(Supplied material begins)

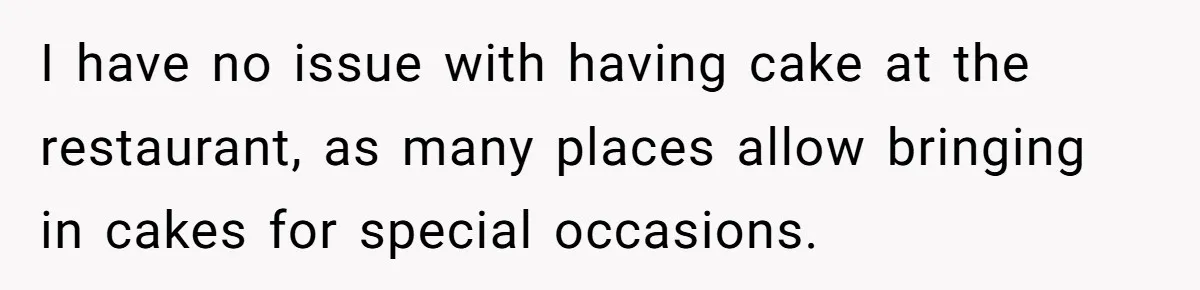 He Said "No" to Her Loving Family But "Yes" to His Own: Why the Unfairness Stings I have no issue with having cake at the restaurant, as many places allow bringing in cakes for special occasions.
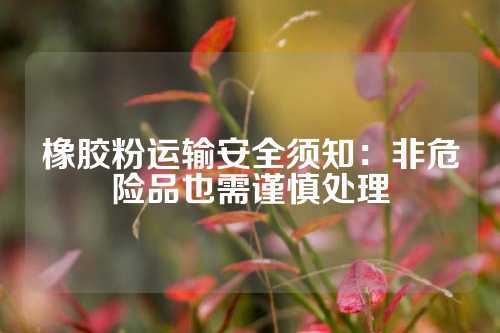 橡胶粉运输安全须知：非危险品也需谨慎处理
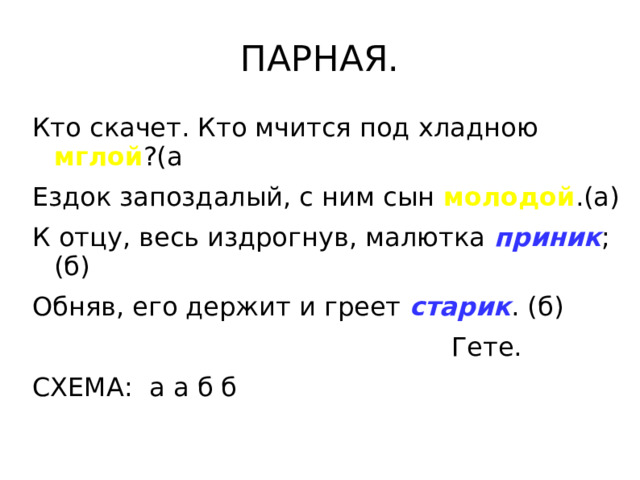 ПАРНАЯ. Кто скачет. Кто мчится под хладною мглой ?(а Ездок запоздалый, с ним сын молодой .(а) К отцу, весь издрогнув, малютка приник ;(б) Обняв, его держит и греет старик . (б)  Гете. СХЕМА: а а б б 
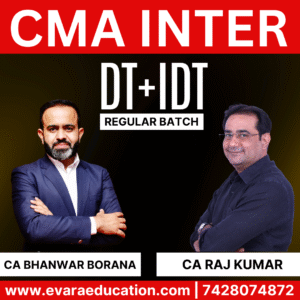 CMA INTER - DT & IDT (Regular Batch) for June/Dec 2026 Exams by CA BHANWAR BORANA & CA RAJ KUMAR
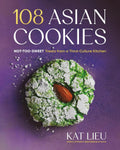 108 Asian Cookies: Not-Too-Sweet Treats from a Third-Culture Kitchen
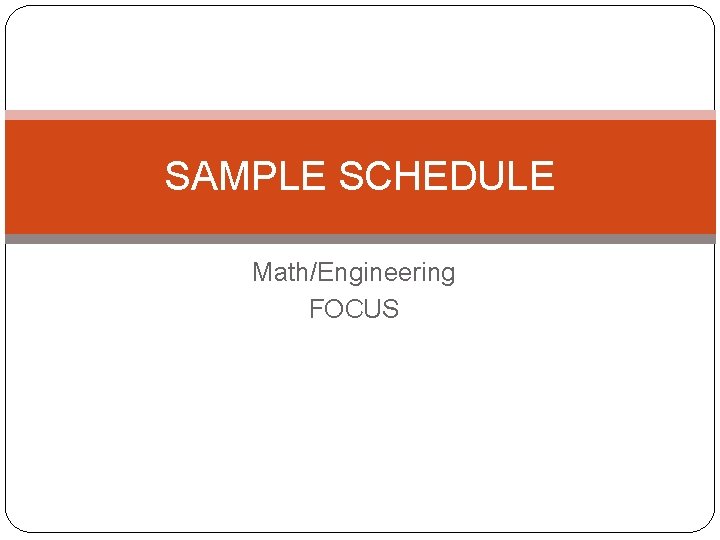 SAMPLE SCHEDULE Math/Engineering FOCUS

(Supplied material ends)
(Supplied material begins)

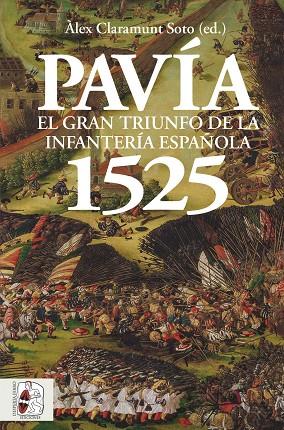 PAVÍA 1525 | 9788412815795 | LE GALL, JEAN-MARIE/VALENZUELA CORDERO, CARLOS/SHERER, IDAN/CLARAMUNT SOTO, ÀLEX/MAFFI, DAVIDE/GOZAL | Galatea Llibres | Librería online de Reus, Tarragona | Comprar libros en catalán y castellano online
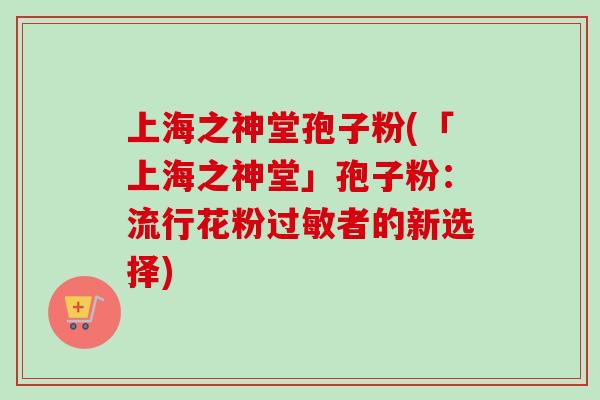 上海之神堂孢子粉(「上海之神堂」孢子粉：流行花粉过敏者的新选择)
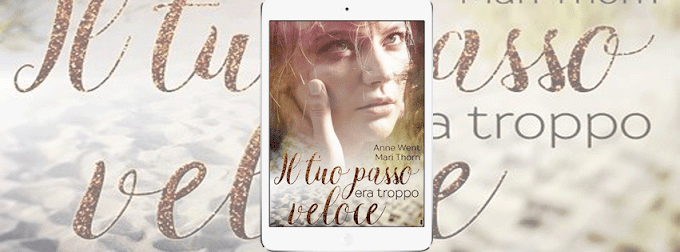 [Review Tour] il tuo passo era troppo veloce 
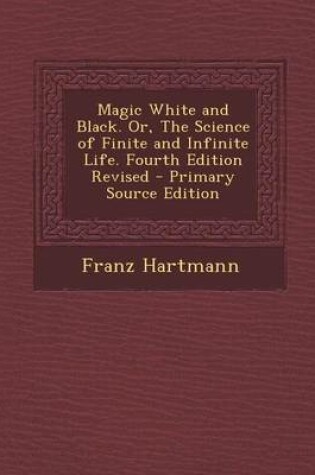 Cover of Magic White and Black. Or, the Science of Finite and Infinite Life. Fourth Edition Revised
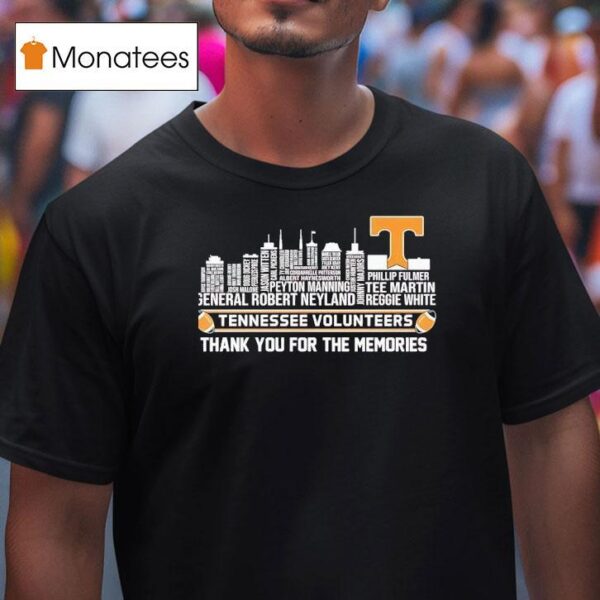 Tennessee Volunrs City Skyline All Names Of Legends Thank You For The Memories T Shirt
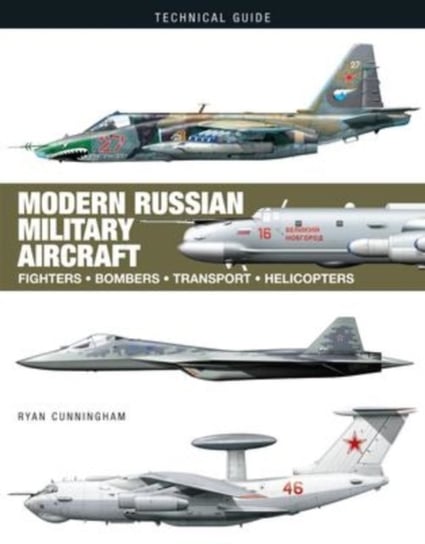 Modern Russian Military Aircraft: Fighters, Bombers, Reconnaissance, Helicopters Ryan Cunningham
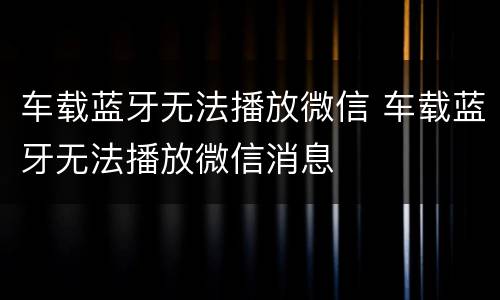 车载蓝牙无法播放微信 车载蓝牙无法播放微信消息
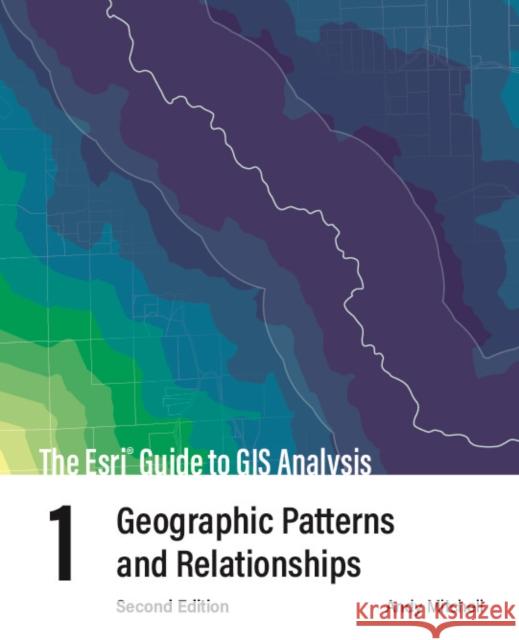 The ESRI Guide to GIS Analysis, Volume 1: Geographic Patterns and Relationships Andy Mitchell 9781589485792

(Supplied material ends)

> Brief: Write back word for word every line in the entries above from the one with "Modern Russian Military" to the one with "The ESRI Guide", ends included, and none of the pictures.

> Your solution:
 Modern Russian Military Aircraft: Fighters, Bombers, Reconnaissance, Helicopters Ryan Cunningham
 车载蓝牙无法播放微信 车载蓝牙无法播放微信消息
 The ESRI Guide to GIS Analysis, Volume 1: Geographic Patterns and Relationships Andy Mitchell 9781589485792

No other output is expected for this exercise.